The record-breaking solar cell made of copper, indium, gallium and selenium (CIGS), was produced in the ZSW research laboratory in Stuttgart. This breakthrough in materials development should considerably improve the cost-effectiveness of CIGS thin-film photovoltaics over the medium term.

The rhythm of advance in the research to increase the efficiency of the cell has progressed notably during the last few years. Also, the percentage of efficiency has gone up more in the last three years –with a 0.7 per cent increase per year on average – than in the previous 15 years – with 0.1 per cent increase per year on average.

The cell that achieved the latest record was made thanks to a co-evaporation method and the manufacturing process was improved compared to the last cell.

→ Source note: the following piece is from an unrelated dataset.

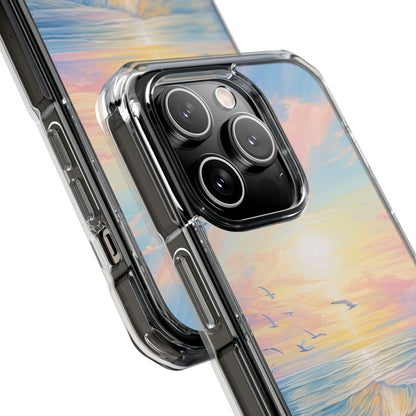 Gentle Waves Embrace iPhone Case - Impact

The Fraunhofer Institute for Solar Energy Systems (ISE) has confirmed the results.

Quick advances in research and development could make thin-film cells a serious contender for the silicon-based solutions that have been mainly used until now for PV, and which still have 1.3% lead on thin-film cells.

Prof. Michael Powalla, ZSW board member and Head of the Photovoltaics division said: “I expect that we can achieve up to 25% efficiency in the years ahead.”